Hamid Haroun, le DG du Centre national des œuvres universitaires du Tchad, le 27 septembre 2018. (VOA/ André Kodmadjingar)
Hamid Haroun, le DG du Centre national des œuvres universitaires du Tchad, le 27 septembre 2018. (VOA/ André Kodmadjingar)

"Jusqu’à lundi, si rien ne fait, nous irons en grève illimitée. Le chauffeur qui transporte les étudiants n’a pas touché son salaire depuis quatre mois. Beaucoup de nos collègues sont renvoyés à la maison, certains n’ont même pas de carburant pour sortir. Il y a donc beaucoup de difficultés sociales. Ce qui est aberrant, c’est que quand les gens sont en grève, on les paye normalement mais nous (ce n’est pas le cas pour nous), on a travaillé pendant le temps de grève, nous ne sommes jamais allés en grève. Cette fois, on est dépassé", affirme M. Ngaressem.

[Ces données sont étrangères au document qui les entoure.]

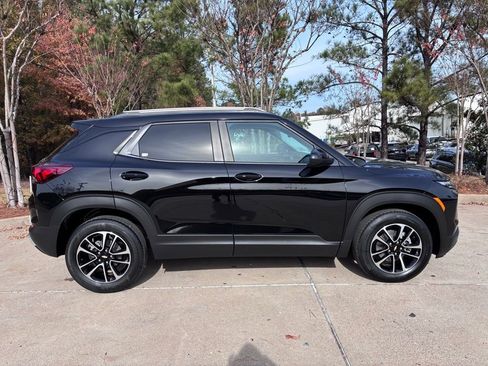 New 2026 Chevrolet TrailBlazer LT w/ Convenience Package FWD image 5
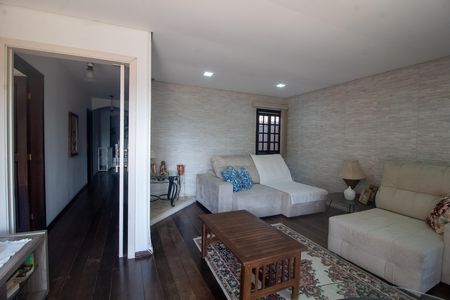 Casa à venda com 451m², 4 quartos e 4 vagasSala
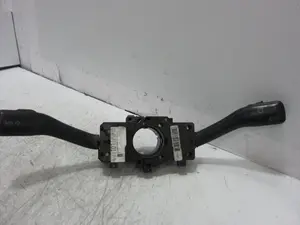 Foto de MANDO MULTIFUNCION SEAT LEON (1M1) 1.9 TDI (110 CV / 81 KW) referencia 8L0953513G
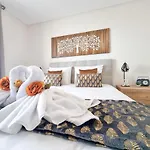 Elite Residente Gold 11 Apartment *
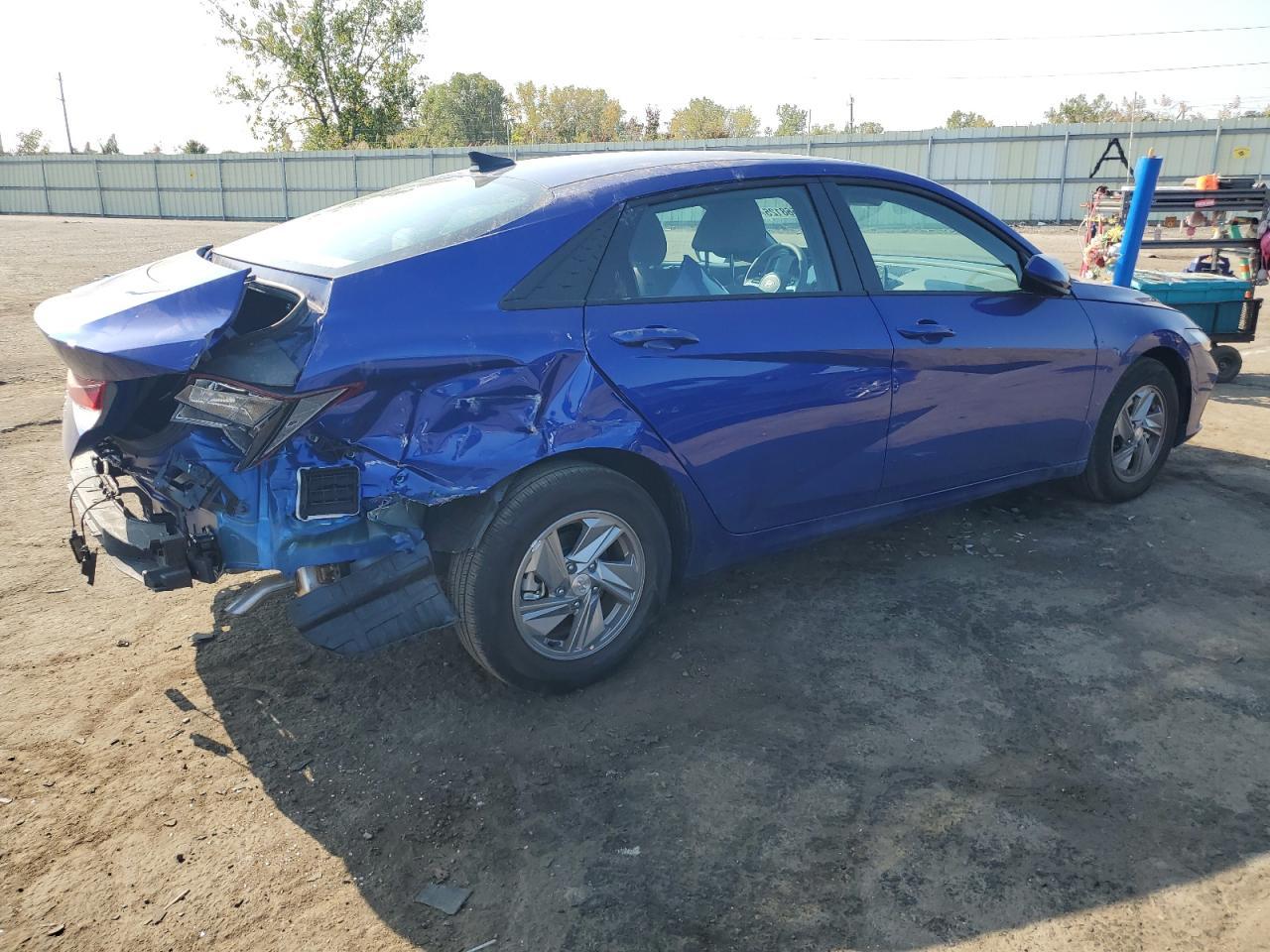 2025 Hyundai Elantra Se - Image 3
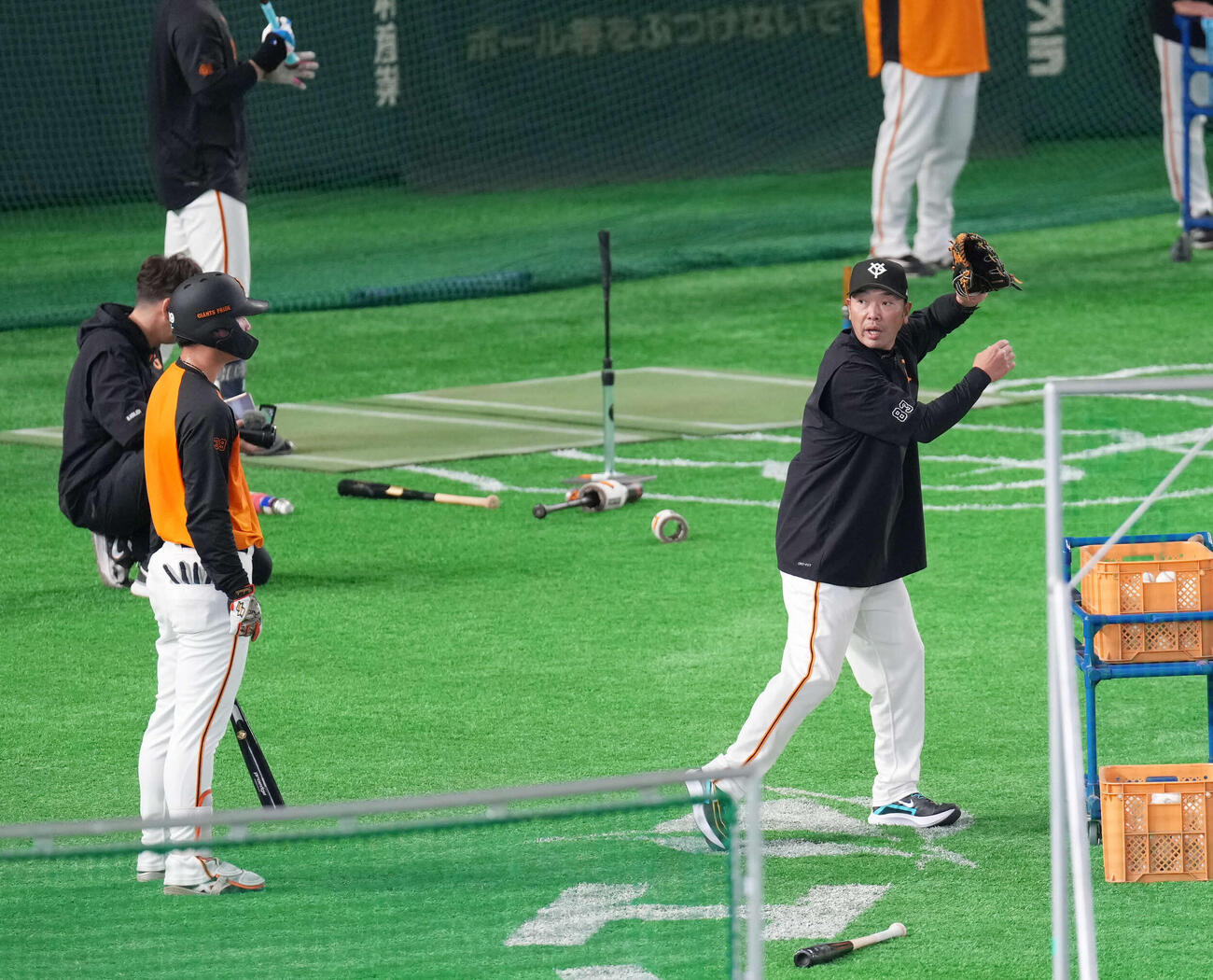 練習で皆川（左）に指導をする巨人阿部監督（撮影・増田悦実）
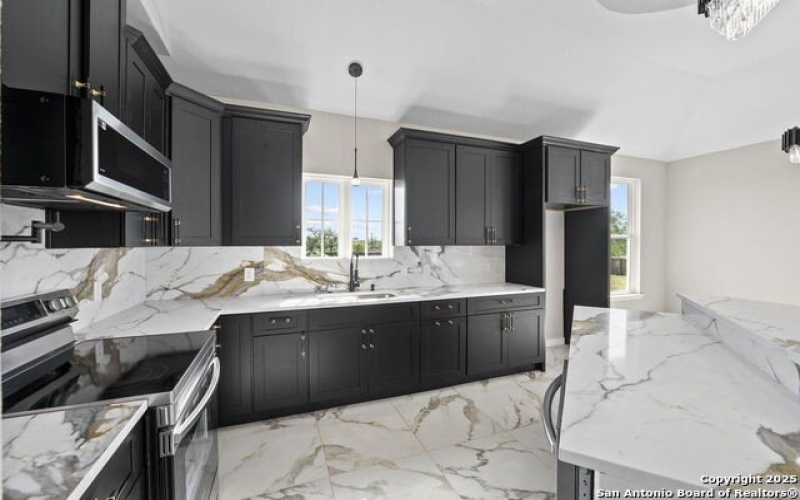 165 Flor Del Sol, San Antonio, TX 78264, 4 Bedrooms Bedrooms, ,3 BathroomsBathrooms,Residential,For Sale,165 Flor Del Sol,1863713
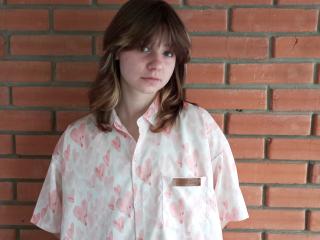 Ver a ficha detalhada de AnnaWestt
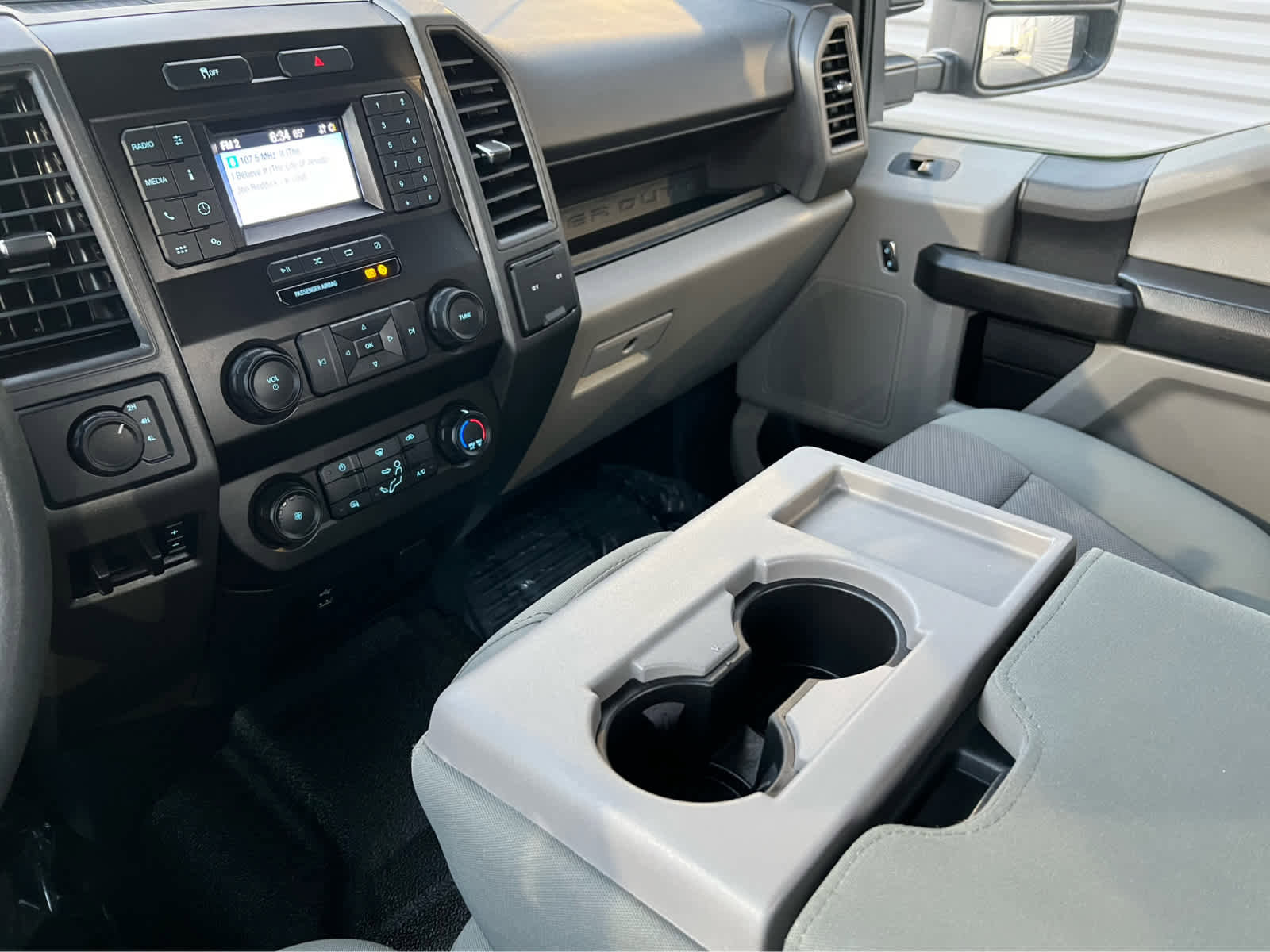 Certified 2022 Ford F350 XL w/ Power Equipment Group image 38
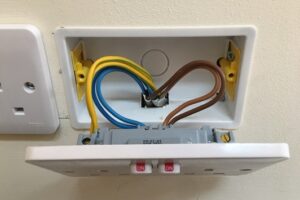 Ac switchbox installation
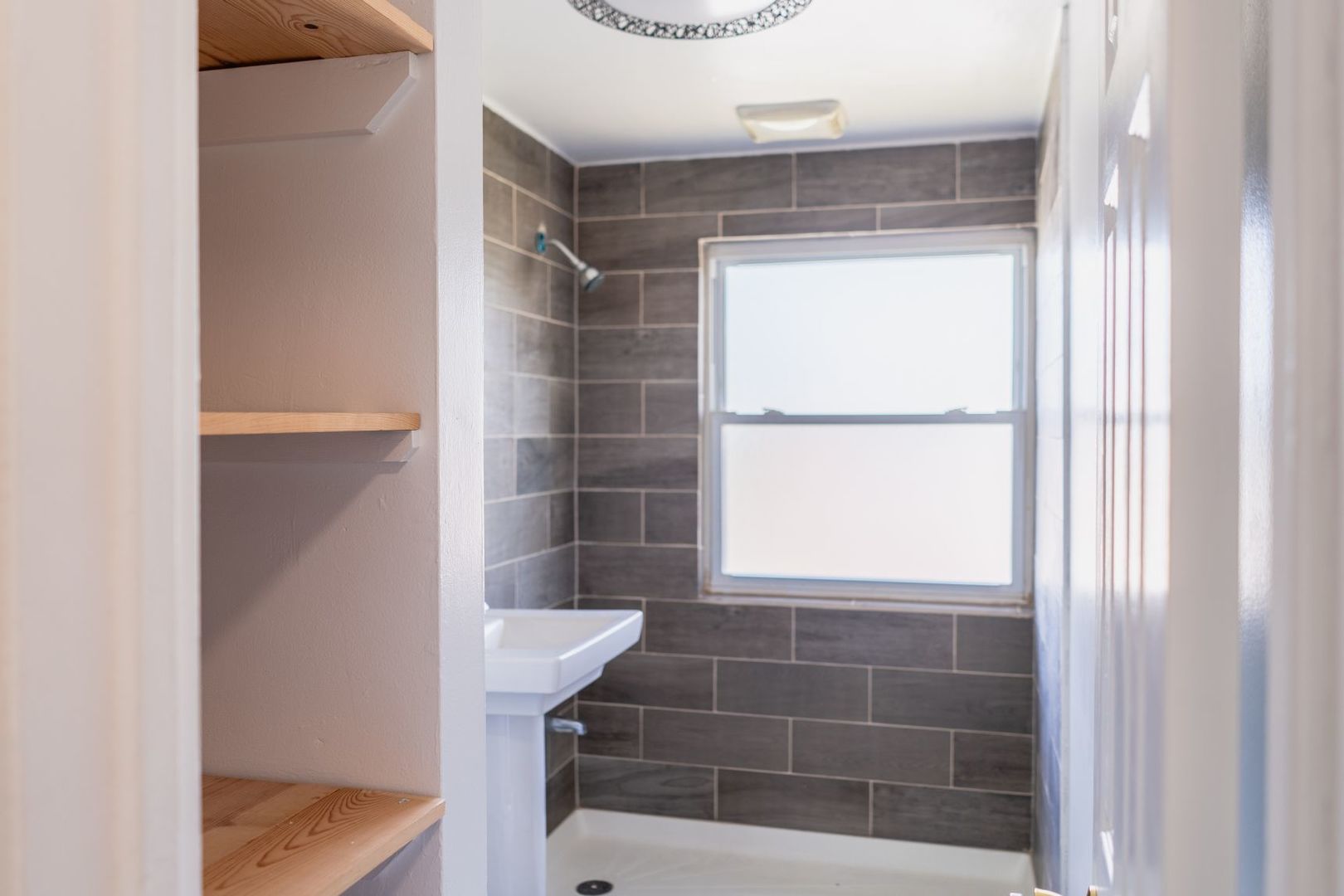 3707 S Michigan Avenue Unit: 2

Le directeur général du CNOU assure les étudiants et le personnel de son institution que les démarches sont en cours pour décanter la situation. Hamid Haroun les invite à une prise de conscience.

Les étudiants tchadiens revendiquent la mise en circulation de leur bus à N'Djamena, Tchad, 27 septembre 2018. (VOA/ André Kodmadjingar)
Les étudiants tchadiens revendiquent la mise en circulation de leur bus à N'Djamena, Tchad, 27 septembre 2018. (VOA/ André Kodmadjingar)

"Les étudiants ont, certes, déposé un préavis de grève et on a pu quand même mettre les bus en marche. Pour le restaurant, les prestataires vont, au fur et mesure, préparer à manger pour les étudiants. N’oubliez pas que ce sont 42.000 étudiants qui doivent être restaurés deux fois par jour et on a 27 sites de restaurant. Le chef de l’Etat a instruit qu’on mette l’électricité et l’eau au campus de Toukra et après, on fera le reste. Donc on attend", explique M. Haroun.

Ces étudiants dénoncent également le taux d’inscription qui passe de 28.000 à 50.000 francs Cfa pour les nouveaux et de 1.000 Cfa à 28.000 Cfa pour les anciens. Ils disent ne pas comprendre que le gouvernement supprime la bourse et augmente les droits universitaires.